A habitat is defined in ecology as a space that is inhabited by particular living organisms. The habitat must provide all the essential needs to those organisms in order to survive. As humans, we are also living organisms which live and interact in particular habitats to satisfy our needs. However, as rational species our satisfaction of needs correspond to physical, social, cultural and emotional factors. Then, human habitats can be defined as the surrounding spaces where we live, work, play and interact with one another, which are formed by physical, social, cultural and emotional aspects.
We can say that drinking tea was developed in a British habitat, where the physical factor of cold weather made Catherine of Braganza, coming from her native Portugal, have a warm sweet drink that she knew since she was a child, and popularized it so much that on a winter’s day today who would give up a mug of tea! The social factors among the rich popularized drinking tea as a social occasion to gather and discuss the events of the day. For the working classes tea meant a break for long hours of work, and in the present days employees still allow tea breaks as part of their social routine at work. The cultural and emotional aspects are interrelated as tea reflects the British imperialism and progress, which British people are still very proud of.
Habits do say much about whom and how we are, but most importantly we are able to change and adapt to them. Britons acquired the habit of drinking tea perhaps because of the cold weather, or probably because of what tea means to us as a country. However, as habits are routines of behaviour, they are less visual to our rational deliberation and thus some Britons might not even think about why they are the highest tea consumers per capita in the world, as we consider drinking tea as automatic.
But is drinking tea a good or a bad habit for us? A bad habit is described as a negative behaviour pattern, so drinking tea would be a bad habit depending on the negative effects it has on us and in our environment and how often the habit is repeated. For example, much of the dental problems that exist in the UK are related to the overconsumption of tea. As such, classifying good or bad habits will depend on the negative or positive effects it has on us and our habitats. To transform bad habits to good ones will depend on influencing the environments we inhabit through recognizing the aspects of our habitats.

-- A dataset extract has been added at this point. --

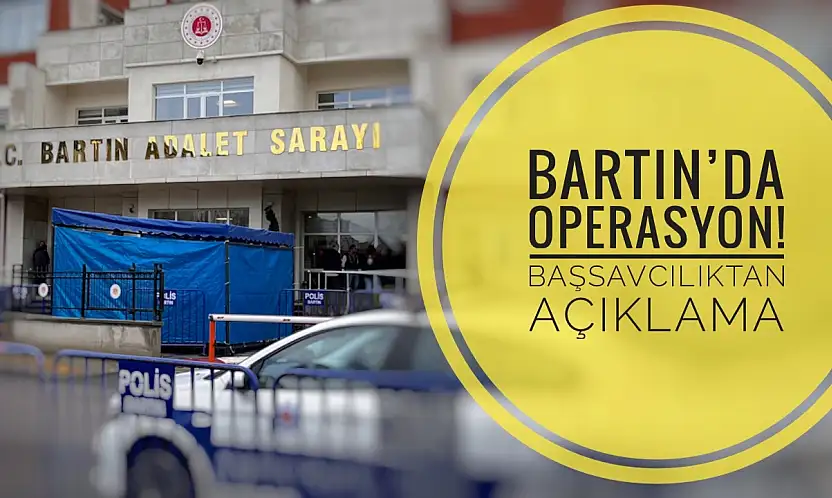 Operasyonun merkezi Bartın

How the physical factors of our habitats can affect us and help us to create new habits, are well studied by psychologists, sociologists and neuroscientists, among others. Their research is based on how different surroundings such as thermal, acoustic, luminous and spatial environments have an effect on us. Scientists have demonstrated how the lack of light can affect our mood, our emotions and even our wellbeing; or how the presence of some noises can affect our performance at work. Further research conducted by Professor Fred Gage from the Salk institute in San Diego, has also proved how the physical factors, especially in the built environment, can affect and shape our behaviours.
On the contrary to scientists, we are not that aware of the effects of the physical factors that influence us, and even less aware of the social, cultural and emotional aspects of our habitat. However as has been shown, the understanding of the aspects of the British habitat help us to comprehend why the habit of drinking tea has been maintained for centuries. Thus, transforming our habits will depend on understanding the habitat where they are developed, to make more conscious decisions about the way we behave, as behaviour change is not just about will power.
As part of the RSA’s Social Brain Project a key component for behaviour change is looking at how we can develop new good habits. Thus, the challenge for us will be to discover how by being more aware of all the elements of our habitats we can be able to shape them to create new habits.
“If we want new habits, we should change our habitats.”